Figure 1 depicts the proposed system architecture with its main functional units and data flows. The functions of the key modules are as follows:

Extraction of IR objects: IR objects are extracted from the IR image based on approaches of region growing and guided filter.

Segmentation of the whole scene: first, the gradient map of the ViS image is calculated by Sobel operator. Second, the ViS image is divided into the smooth region and the texture region using K-means clustering on the gradient map. By combining the map of background division of the ViS image and the object image, the division map of the scene is obtained.

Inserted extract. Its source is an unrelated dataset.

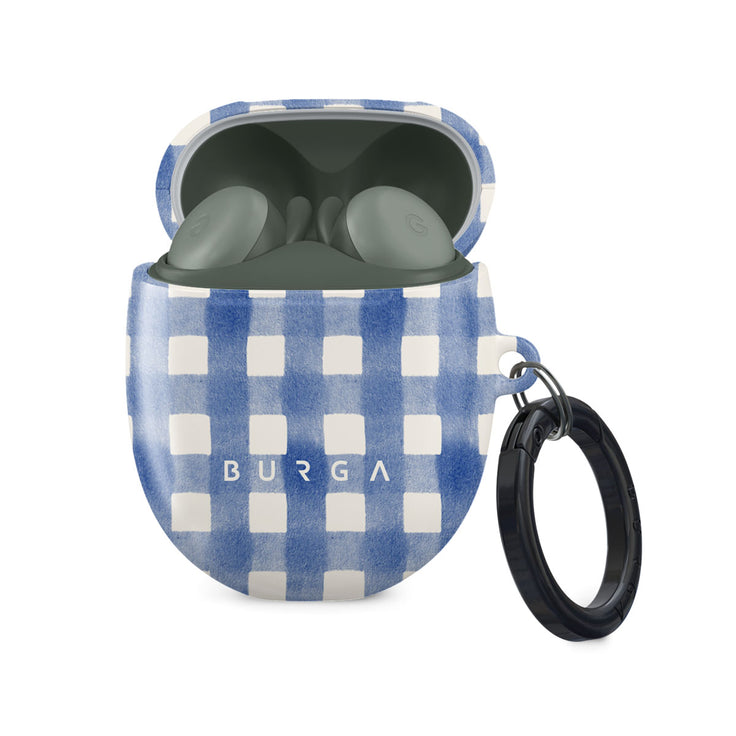 CM_10A_PixelBuds_A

Fusion of images: first, region mapping is conducted on the enhanced IR image, the ViS image, and the IR image according to the region division map. Second, high-frequency and low-frequency direction subbands are obtained by the NSCT from source images. Third, according to the different characteristics of regions, different fusion rules are used to fuse the high-frequency and low-frequency subbands of source images, respectively. Finally, the fused image is obtained by the inverse NSCT transform.

Figure 1.

Block diagram of the proposed method.

Extraction of IR objects

Location of the objects region

The significance of image fusion of IR and ViS images is to use the complementary information of both images to get a fused image that expresses objects and the whole scene accurately, which not only include clear objects but also the higher resolution scene. Therefore, the precise localization of IR objects is particularly important. Current methods of IR objects extraction are based on gray theory,²⁰ OTSU,²³ Renyi entropy,²⁴ and so on. These methods can extract small objects, but always include information from the background and cannot extract larger objects completely. To solve these problems, we combine region growing and guided filter to extract objects. The detail of the proposed method is as follows.

To improve the contrast of objects and the background, and get the clear edge of objects, the IR image is enhanced

\begin{matrix} A 1 (i, j) = \frac{255}{k * \exp (- 10 * A (i, j) / 255 - 5) + 1} \\ u = mean (A) * t \\ k = \frac{255 / u - 1}{\exp (- (10 * (u / 255) - 5))} \end{matrix}

(1)

where $A (i, j)$ represents the gray value of the pixel localized at $(i, j)$ , $A 1 (i, j)$ is the enhanced gray value, and t is the constant coefficient.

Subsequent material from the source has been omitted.